The new captain jumped from the deck, fully dressed, and sprinted through the water. A former lifeguard, he kept his eyes on his victim and headed straight for a couple who were swimming between their anchored sportfish and the beach.

“I think he thinks you’re drowning,” the husband said to his wife. They had been splashing each other, and she had screamed, but now they were just standing neck-deep on a sandbar.

“We’re fine, what is he doing?” she asked, a little annoyed.

“We’re fine!” the husband yelled, waving him off, but his captain kept swimming hard toward him.

“Move!” he barked as he sprinted between the stunned owners.

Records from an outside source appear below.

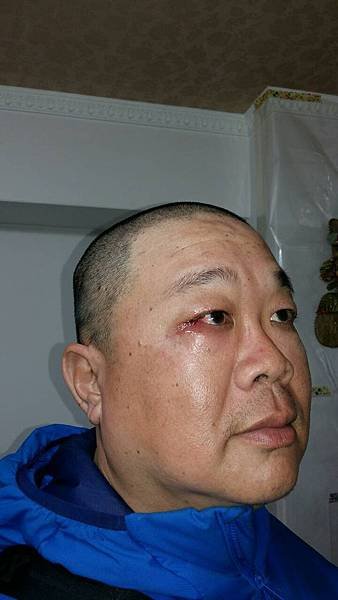 1050221種生根，在高医擠膿包之真實故事.jpg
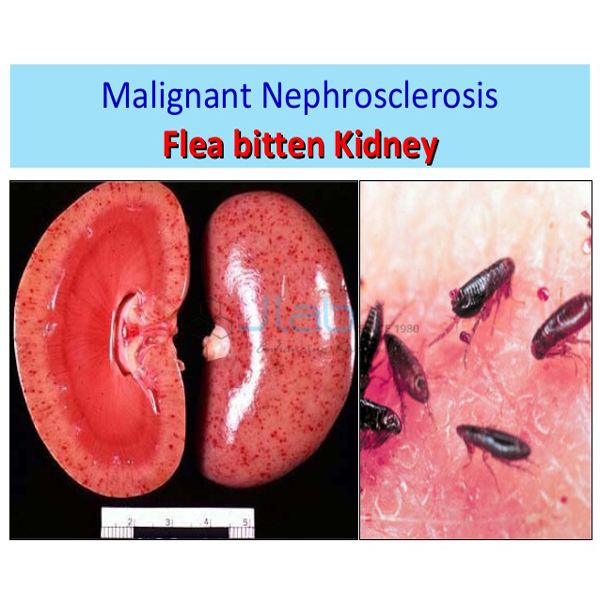 Malignant Nephrosclerosis, Flea Bitten Kidney Model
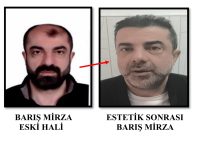 AMELİYAT İLE YÜZÜNÜ DEĞİŞTİREN FİRARİ CİNAYET ZANLISI, 7 YIL SONRA YAKALANDI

Directly behind them, not 10 feet away, their 9-year-old daughter was drowning. Safely above the surface in the arms of the captain, she burst into tears and screamed, “Daddy!”

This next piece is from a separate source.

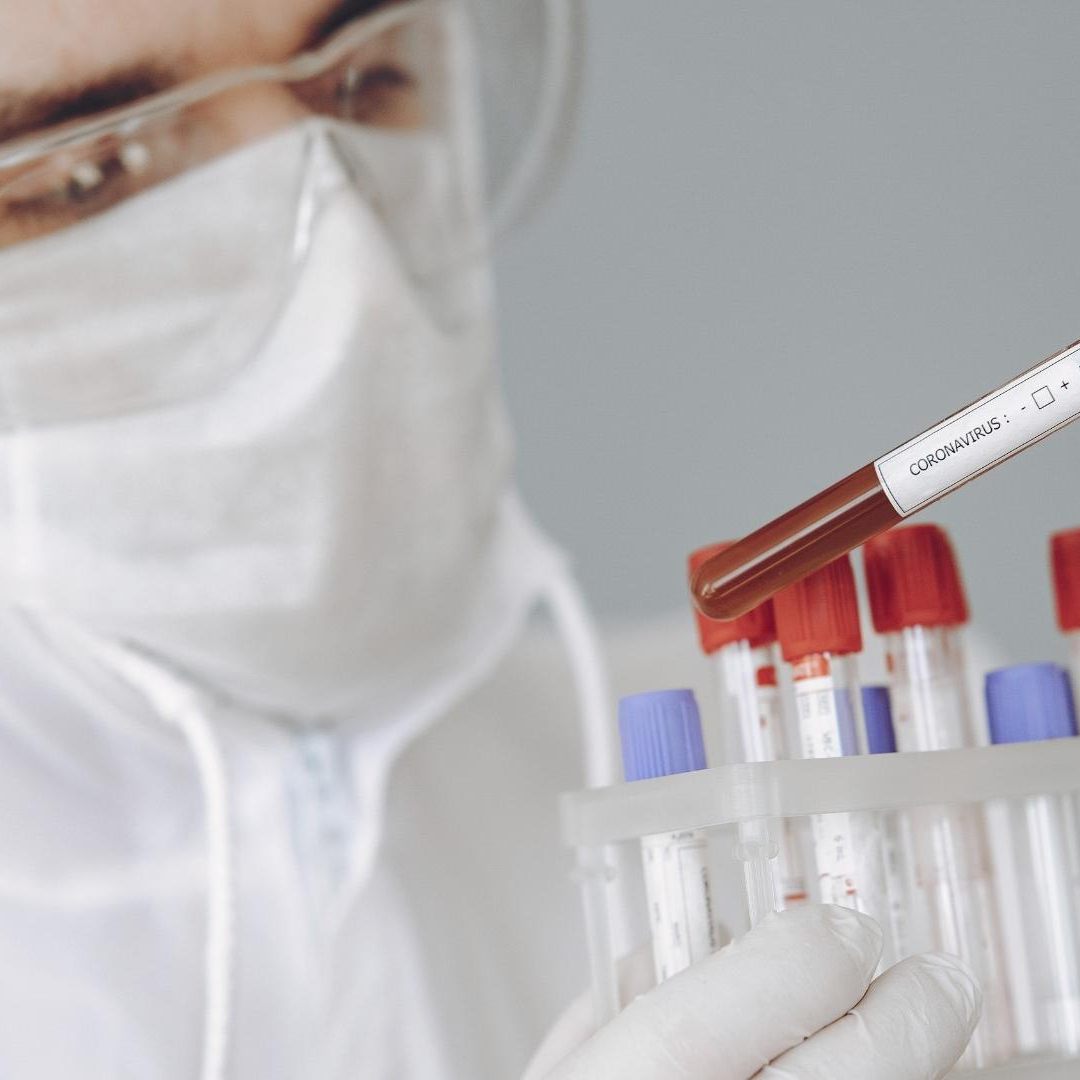 Corona-Lage in Österreich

How did this captain know—from 50 feet away—what the father couldn’t recognize from just 10?

Drowning is not the violent, splashing call for help that most people expect. The captain was trained to recognize drowning by experts and years of experience. The father, on the other hand, learned what drowning looks like by watching television.

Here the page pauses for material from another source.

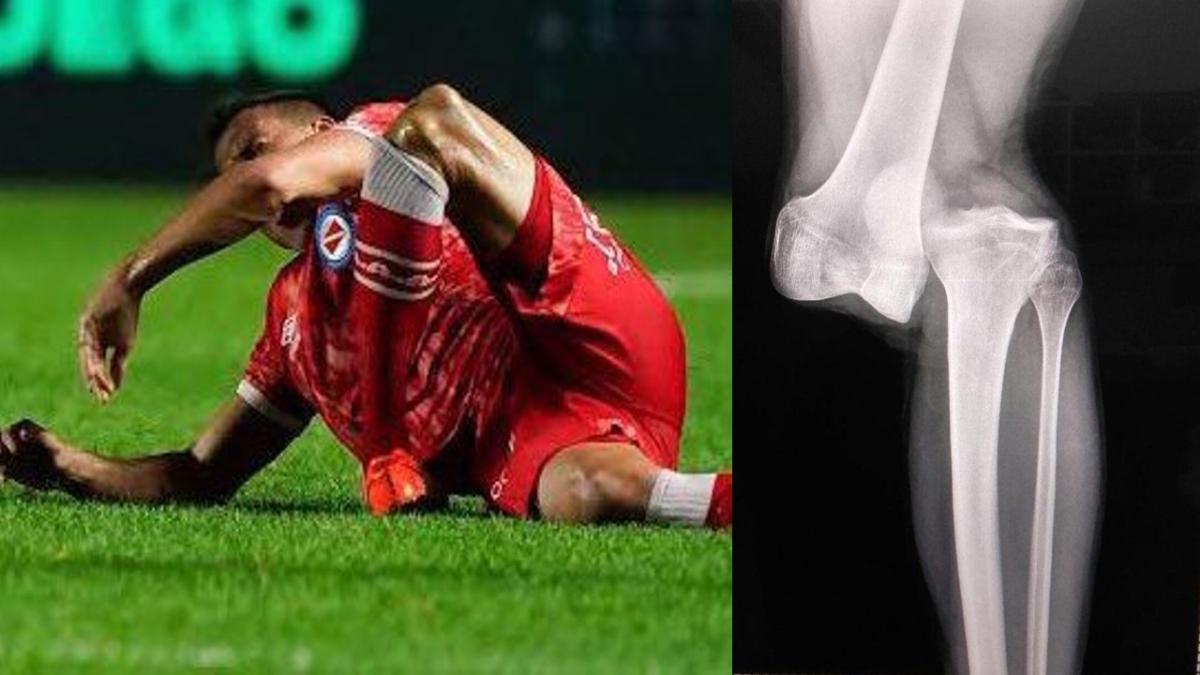 Un año fuera de la cancha Luciano Sánchez tras fractura de pierna en partido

If you spend time on or near the water (hint: that’s all of us), then you should make sure that you and your crew know what to look for when people enter the water. Until she cried a tearful, “Daddy,” the owner’s daughter hadn’t made a sound.

As a former Coast Guard rescue swimmer, I wasn’t surprised at all by this story. Drowning is almost always a deceptively quiet event. The waving, splashing and yelling that dramatic conditioning (television) prepares us to look for is rarely seen in real life.

The Instinctive Drowning Response, so named by Lifeguard Francesco A. Pia, Ph.D., is what people do to avoid actual or perceived suffocation in the water. And it does not look like most people expect it to.

When someone is drowning there is very little splashing, and no waving or yelling or calling for help of any kind.

To get an idea of just how quiet and undramatic drowning can be, consider this: It is the number two cause of accidental death in children age 15 and under (just behind vehicle accidents). Of the approximately 750 children who will drown next year, about 375 of them will do so within 25 yards of a parent or other adult.

Drowning does not look like drowning. Dr. Pia, in an article he wrote for the Coast Guard’s On Scene magazine, described the instinctive drowning response like this:

  • Except in rare circumstances, drowning people are physiologically unable to call out for help. The respiratory system was designed for breathing. Speech is a secondary or overlaid function. Breathing must be fulfilled before speech occurs.
  • Drowning people’s mouths alternately sink below and reappear above the surface of the water. The mouths of drowning people are not above the surface of the water long enough for them to exhale, inhale and call out for help. When the drowning people’s mouths are above the surface, they exhale and inhale quickly as their mouths start to sink below the surface of the water.
  • Drowning people cannot wave for help. Nature instinctively forces them to extend their arms laterally and press down on the water’s surface. Pressing down on the surface of the water permits drowning people to leverage their bodies so they can lift their mouths out of the water to breathe.
  • Throughout the Instinctive Drowning Response, drowning people cannot voluntarily control their arm movements. Physiologically, drowning people who are struggling on the surface of the water cannot stop drowning and perform voluntary movements such as waving for help, moving toward a rescuer or reaching out for a piece of rescue equipment.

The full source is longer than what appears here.